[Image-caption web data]
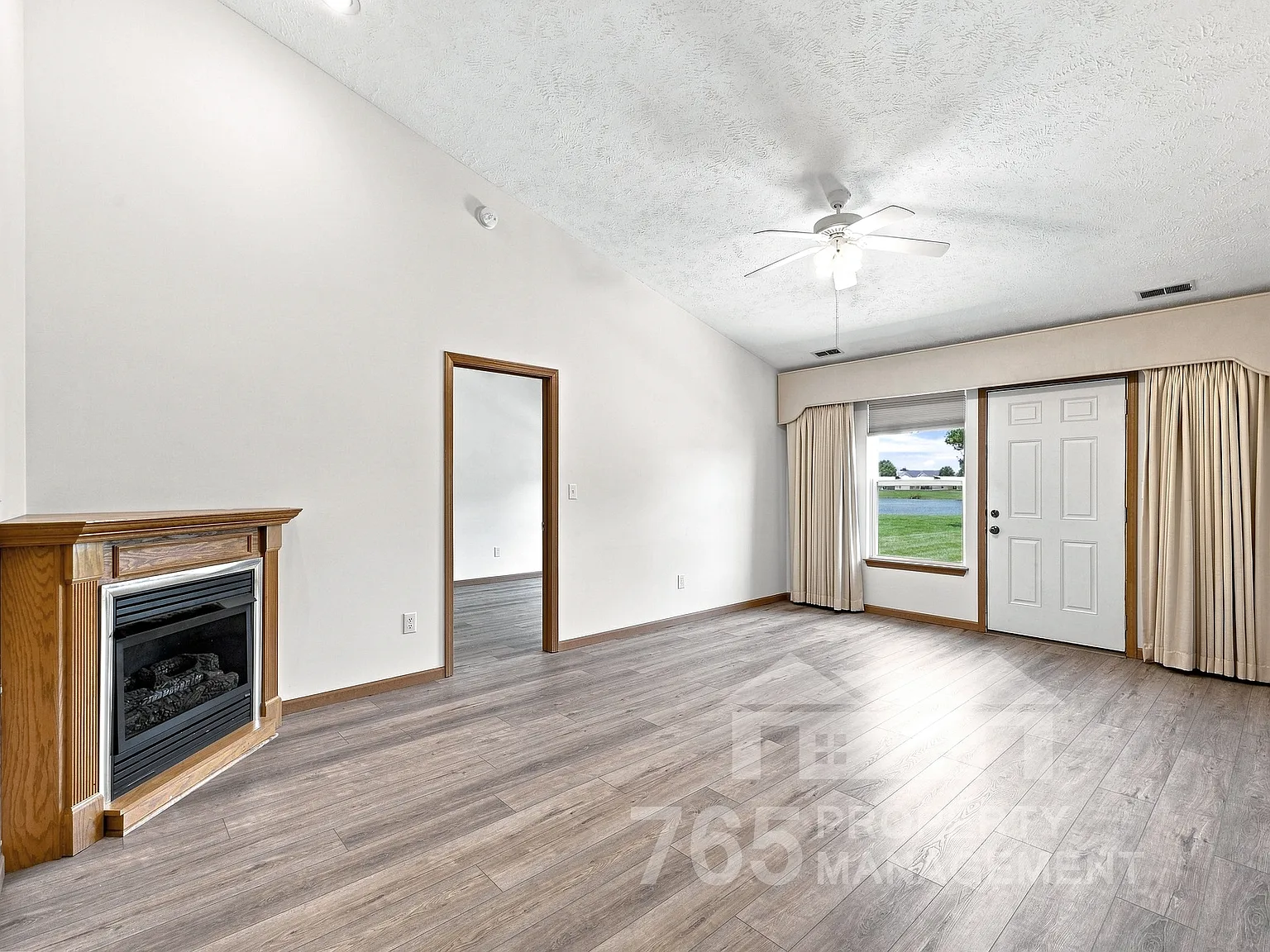 3 bed, 1135 sqft, $1,650 — Photo 3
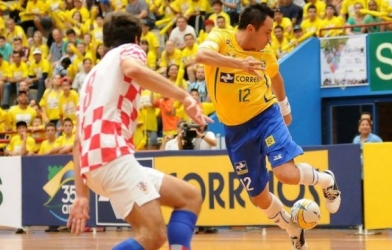 VIDEO: Falcao ghi bàn thắng không tưởng trên sân futsal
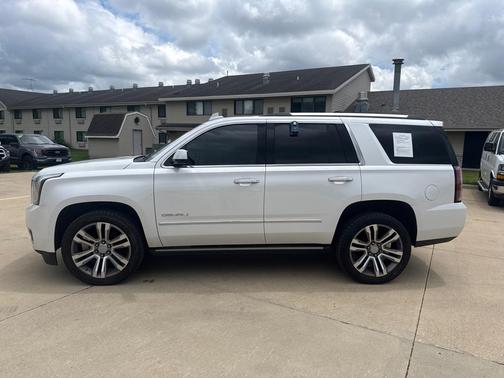 White 2018 GMC Yukon Denali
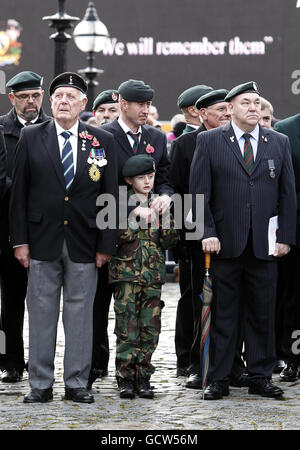 Les militaires et le public assistent à un service du dimanche du souvenir au St George's Hall, à Liverpool. Banque D'Images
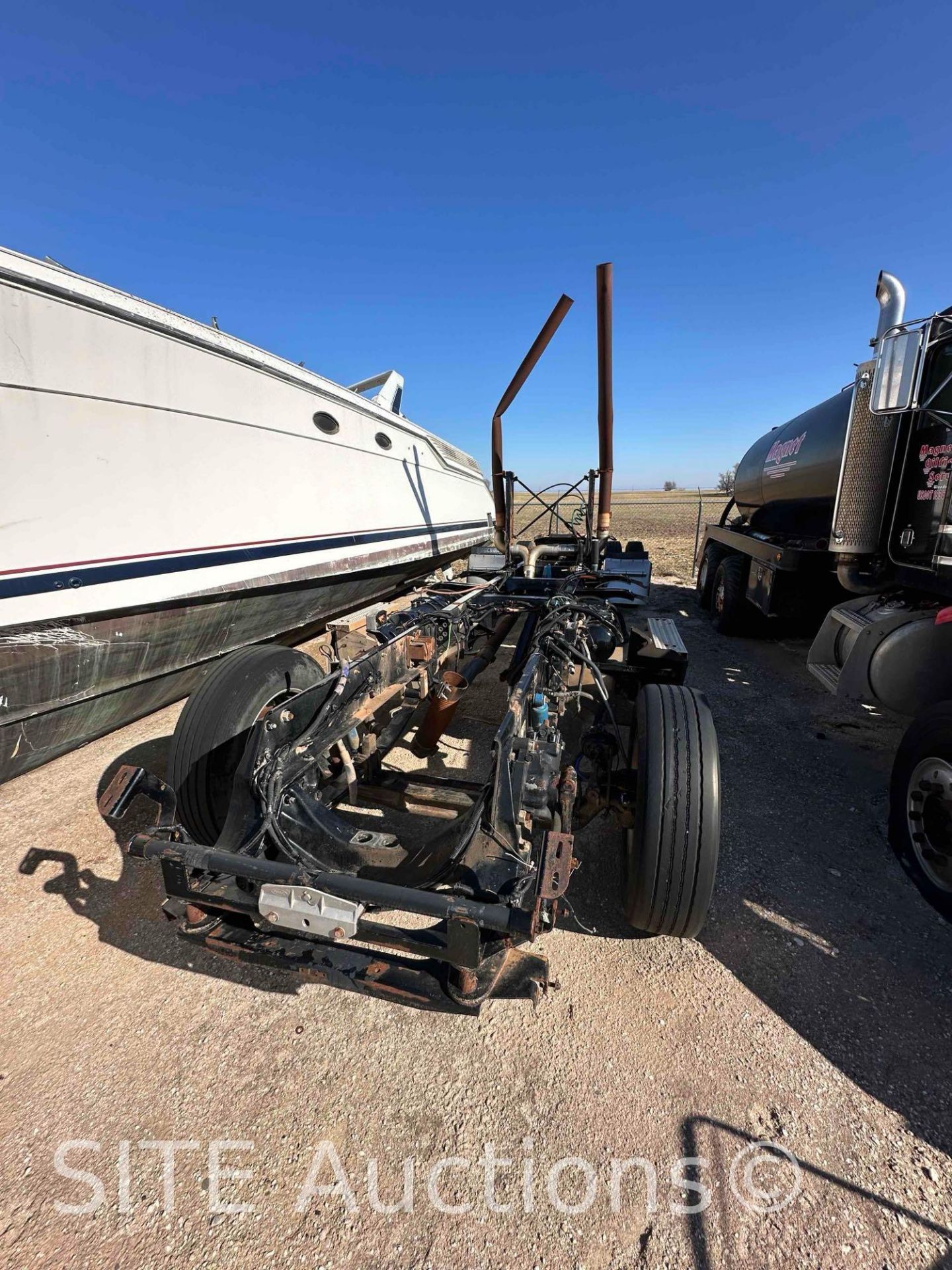 Peterbilt S/A Chassis - Image 5 of 14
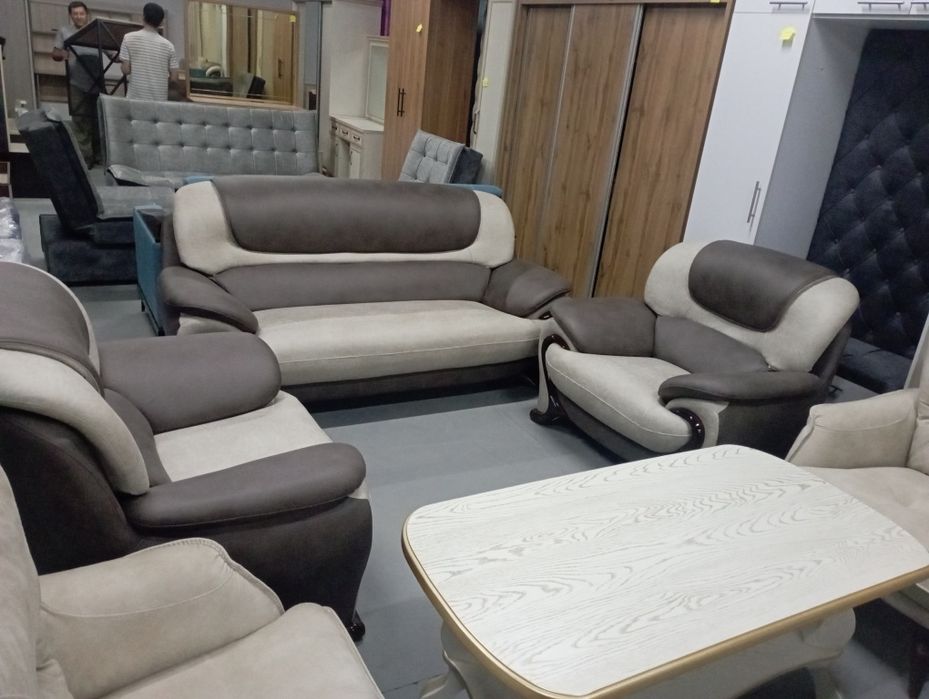 Мебель на заказ дивануголок и в наличии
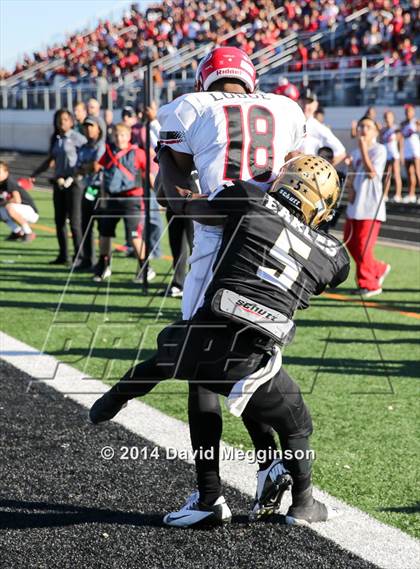 Thumbnail 3 in Abilene vs. Cedar Hill (UIL 6A Regional Playoff) photogallery.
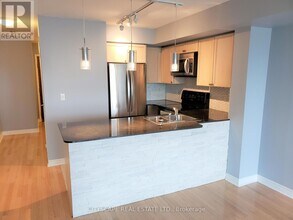 1-1811 Elm Dr W in Mississauga, ON - Building Photo - Building Photo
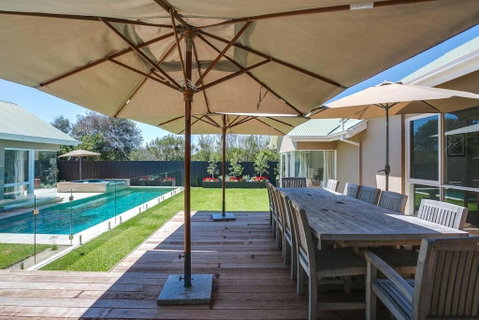 Royadie Resort - Pool Spa Tennis 500m To Beach - Melbourne Tourism 1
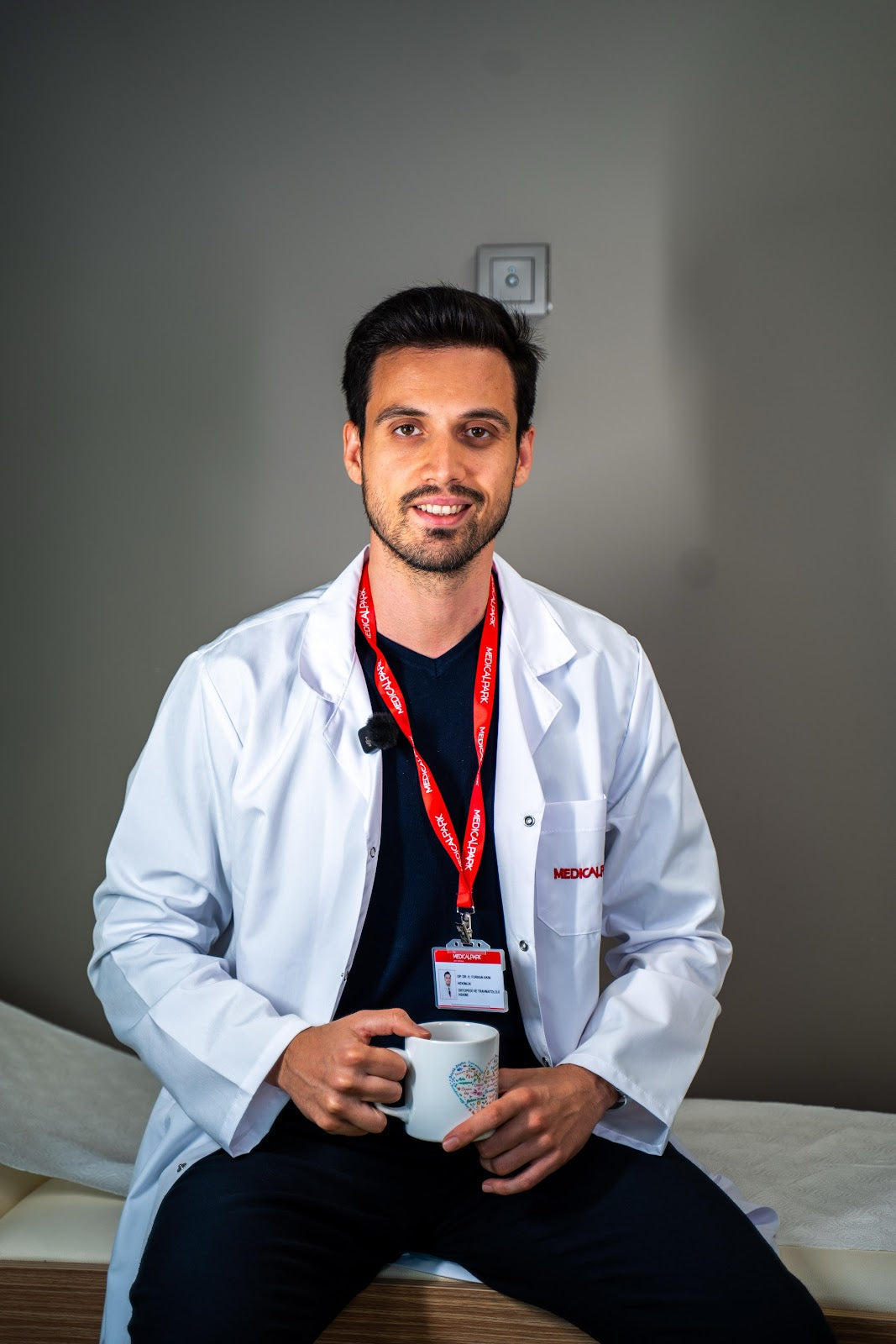 İzmir Ortopedi Doktoru Hasan Furkan Akın — Dr.Visor photo 3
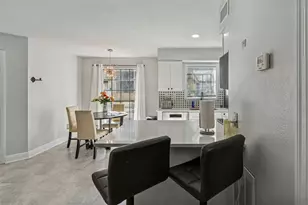 8742 Mallard Reserve Dr, Tampa, FL 33614 - Photo 17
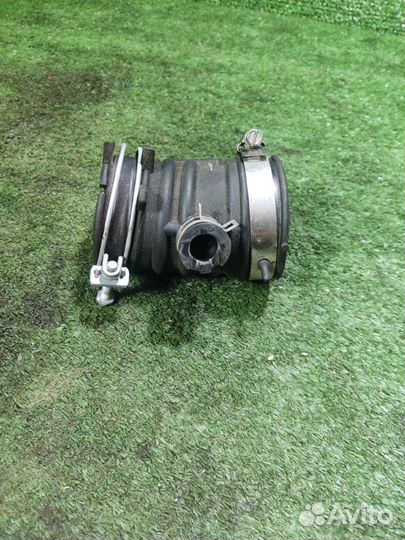 Патрубок воздушного фильтра Nissan 1.2 HR12DE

● **Prompt**: Output every record above verbatim, excluding images.

● **Exercise output**:
 3 bed, 1135 sqft, $1,650 — Photo 3
 VIDEO: Falcao ghi bàn thắng không tưởng trên sân futsal
 White 2018 GMC Yukon Denali
 Les militaires et le public assistent à un service du dimanche du souvenir au St George's Hall, à Liverpool. Banque D'Images
 Peterbilt S/A Chassis - Image 5 of 14
 Мебель на заказ дивануголок и в наличии
 Thumbnail 3 in Abilene vs. Cedar Hill (UIL 6A Regional Playoff) photogallery.
 1-1811 Elm Dr W in Mississauga, ON - Building Photo - Building Photo
 Royadie Resort - Pool Spa Tennis 500m To Beach - Melbourne Tourism 1
 İzmir Ortopedi Doktoru Hasan Furkan Akın — Dr.Visor photo 3
 8742 Mallard Reserve Dr, Tampa, FL 33614 - Photo 17
 Патрубок воздушного фильтра Nissan 1.2 HR12DE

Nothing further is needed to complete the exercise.